As mental health charity Mind has noted, a well-balanced and nutritious diet has a hugely positive effect on both a person’s attitude and ability to think. Eating regularly helps to keep your mood in check, vitamins and minerals can help maximise your energy, and essential fats and proteins can help your brain to process and regulate thoughts.
Armed with these nutritional requirements, we’ve collected together 3 simple and healthy lunch recipes to try at home with ingredients found in your kitchen cupboards.
Spicy Peanut Chicken Wrap
This wrap is the perfect protein-packed post-workout lunch, full of fresh flavours. Peanut butter is mixed with chilli and ginger (fresh or powdered), and lime (fresh or concentrate) to create a delicious savoury sauce, which is then tossed with shredded cooked chicken breast, carrot and lettuce. The mix can be rolled into a wrap, or be served with any other bread type you have to hand. For those looking for a low carb fix, the peanut chicken can be eaten solo or alongside some greens.

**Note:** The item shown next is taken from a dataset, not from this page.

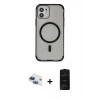 MARSİLYAN™- iPhone 11 Kılıf Eksen Klasik Koleksiyonu - Siyah 6D Antistatik Mat Seramik Hayalet Nano Ekran Koruyucu + Pers Alüminyum Kamera Lens - LT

There’s a great version of this recipe, along with a selection of other quick wraps, on cooking magazine Olive’s website.
The humble bean salad is easy to make, adaptable to available ingredients, and loaded with nutrients, proteins, anti-oxidants, healthy fats and fibre. Olive oil, lemon juice, and chilli and garlic powder are mixed with chopped onion and canned beans (cannellini, chickpea or mixed) to create a rich and vibrant base from which to add personal flourishes. In BBC Good Food’s recipe, they recommend serving the mix with cooled boiled potatoes and tuna, however, it works just as well over brown rice, on a bed of salad, or with a side of tenderstem broccoli. For those on a plant-based diet, hummus or your preferred meat substitute can also help make the meal more substantial.
Cupboard noodles are all about versatility. With dried noodles and a handful of cupboard essentials, you have everything needed for a tasty, nutritious lunch. Dried noodles take only minutes to cook and are low in calories, but they’re also low in nutrients, so this is where you can really make the most of your basic key ingredients: frozen, canned or fresh vegetables add essential vitamins and fibre; nuts, nut butters, leftover meats and beans add proteins; spices and low-salt stocks add antioxidants and anti-inflammatories, while sauce-bases like olive oil and coconut milk add essential oils.
The dish can be as complex as you like, and it’s a fun way to freestyle with taste combinations. We’d recommend combining a little stock with peas, carrots and sweetcorn to get a super quick, healthy instant-noodle meal, as described in Good To Know’s recipe. Or, alternatively, a little bit of oil, chili, soy sauce, and peanut butter will get you an umami protein feast, similar to Fuschia Dunlop’s delicious recipe for The Guardian.